The Bright Side
Article by Terry O’Neill, former Lake Geneva Former Alderperson and Activist:
Can an individual alderperson really make a difference on the city council? Virtually all city council votes are unanimous with only an occasional dissenting vote. Less than once every other year there is a tie vote where the mayor votes to break the tie, but those votes can only be for non-financial spending because all votes authorizing spending require a 2/3 approval vote. Almost as rare is when there a divided, or split vote, on an important issue such as the comprehensive plan and a single alderperson’s vote can determine the outcome of the council’s vote.
So can an individual alderperson, by themselves, really make much of a difference on the city council? The answer is mostly “no”, but with a little but a very important bit “yes,” but it really depends on both the individual alderperson as well as the other city council members.

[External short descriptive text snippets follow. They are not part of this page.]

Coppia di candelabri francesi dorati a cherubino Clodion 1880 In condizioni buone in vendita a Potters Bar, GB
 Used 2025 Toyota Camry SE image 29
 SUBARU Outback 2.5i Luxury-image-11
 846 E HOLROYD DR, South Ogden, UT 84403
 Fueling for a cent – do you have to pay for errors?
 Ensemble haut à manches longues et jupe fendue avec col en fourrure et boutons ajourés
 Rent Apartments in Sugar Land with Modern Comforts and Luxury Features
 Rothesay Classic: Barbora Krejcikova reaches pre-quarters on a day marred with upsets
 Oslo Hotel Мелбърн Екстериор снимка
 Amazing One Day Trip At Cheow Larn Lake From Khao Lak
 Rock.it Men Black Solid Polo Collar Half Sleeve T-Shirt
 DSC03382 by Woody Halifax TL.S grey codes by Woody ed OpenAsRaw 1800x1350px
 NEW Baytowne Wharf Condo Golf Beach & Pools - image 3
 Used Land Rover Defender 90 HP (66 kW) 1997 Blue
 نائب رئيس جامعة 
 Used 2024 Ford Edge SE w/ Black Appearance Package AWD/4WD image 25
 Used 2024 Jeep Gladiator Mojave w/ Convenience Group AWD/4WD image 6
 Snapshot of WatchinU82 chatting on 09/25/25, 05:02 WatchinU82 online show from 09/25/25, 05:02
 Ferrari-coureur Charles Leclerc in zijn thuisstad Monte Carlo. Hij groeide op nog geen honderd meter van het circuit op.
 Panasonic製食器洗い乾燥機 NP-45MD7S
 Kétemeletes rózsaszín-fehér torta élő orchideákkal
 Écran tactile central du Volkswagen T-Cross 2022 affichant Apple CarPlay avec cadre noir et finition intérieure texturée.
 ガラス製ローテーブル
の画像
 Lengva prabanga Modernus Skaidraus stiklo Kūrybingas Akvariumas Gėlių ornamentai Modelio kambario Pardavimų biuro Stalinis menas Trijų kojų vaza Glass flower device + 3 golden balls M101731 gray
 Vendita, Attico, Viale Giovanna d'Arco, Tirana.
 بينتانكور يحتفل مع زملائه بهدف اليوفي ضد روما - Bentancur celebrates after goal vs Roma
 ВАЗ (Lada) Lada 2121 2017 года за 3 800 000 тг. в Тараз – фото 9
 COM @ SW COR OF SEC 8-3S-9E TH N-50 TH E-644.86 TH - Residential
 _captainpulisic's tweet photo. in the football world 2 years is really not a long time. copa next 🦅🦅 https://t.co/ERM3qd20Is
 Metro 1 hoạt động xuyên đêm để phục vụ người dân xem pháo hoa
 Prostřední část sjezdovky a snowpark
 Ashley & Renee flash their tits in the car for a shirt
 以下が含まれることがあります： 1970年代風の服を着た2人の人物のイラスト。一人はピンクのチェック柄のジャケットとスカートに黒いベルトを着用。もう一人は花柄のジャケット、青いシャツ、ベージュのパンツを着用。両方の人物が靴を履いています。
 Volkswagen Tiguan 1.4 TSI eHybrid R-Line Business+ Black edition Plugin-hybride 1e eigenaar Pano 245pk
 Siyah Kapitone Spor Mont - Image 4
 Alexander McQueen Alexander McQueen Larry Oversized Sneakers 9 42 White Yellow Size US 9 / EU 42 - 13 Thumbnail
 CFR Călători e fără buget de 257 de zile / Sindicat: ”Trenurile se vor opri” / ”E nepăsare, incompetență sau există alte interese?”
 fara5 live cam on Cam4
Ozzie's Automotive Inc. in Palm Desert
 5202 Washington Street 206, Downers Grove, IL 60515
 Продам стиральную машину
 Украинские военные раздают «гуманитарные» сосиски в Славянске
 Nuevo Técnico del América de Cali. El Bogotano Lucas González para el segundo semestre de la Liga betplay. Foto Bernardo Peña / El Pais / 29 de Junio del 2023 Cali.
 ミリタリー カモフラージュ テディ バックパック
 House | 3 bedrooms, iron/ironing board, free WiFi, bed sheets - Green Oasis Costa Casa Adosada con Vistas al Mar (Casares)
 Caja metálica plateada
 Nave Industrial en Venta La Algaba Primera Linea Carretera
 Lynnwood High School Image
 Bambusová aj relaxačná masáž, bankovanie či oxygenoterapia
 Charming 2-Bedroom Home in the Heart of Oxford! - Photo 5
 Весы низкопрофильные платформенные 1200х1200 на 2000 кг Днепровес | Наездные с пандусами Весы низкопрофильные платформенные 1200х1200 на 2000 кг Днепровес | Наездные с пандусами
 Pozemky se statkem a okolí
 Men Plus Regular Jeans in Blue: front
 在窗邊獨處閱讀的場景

A good alderperson has to have some general knowledge of the issues and has to have studied the particular issues involved. One needs to be able to articulate her or his concerns and listen to the concerns and issues brought up by the other alderpersons and the public. However, no matter how good an individual alderperson may be, their single vote will have little impact unless the other alderpersons have an open mind and will listen and then base their decision on the issues rather than on a biased or predetermined point of view. Although aldermen should be open minded, few actually are, because most people do not have an open mind on many subjects and are not willing to change their views on those subjects regardless of the evidence that is presented.
So unless there are at least 2 other alderpersons with whom one shares similar views on the issue, an individual alderperson’s vote will not change or effect the outcome of the vote. However, an alderperson with better insight that presents different thoughts that others also consider valid, can sometimes change the votes of the other alderman, and in a similar manor an alderperson with overwhelming public support for their view on an issue can sometimes change the votes of the other aldermen, but those are rare exceptions.
In summary, although an individual alderperson as a single voter on the city council has no authority in the city, and the City Council as a group has all the authority within the City of Lake Geneva, it is only on rare occasions that a single vote from an alderman can be the deciding vote that forever alters the future of the City of Lake Geneva such as the annexation of the Hummel property, or changing the zoning on the Hummel property to settle a law suit.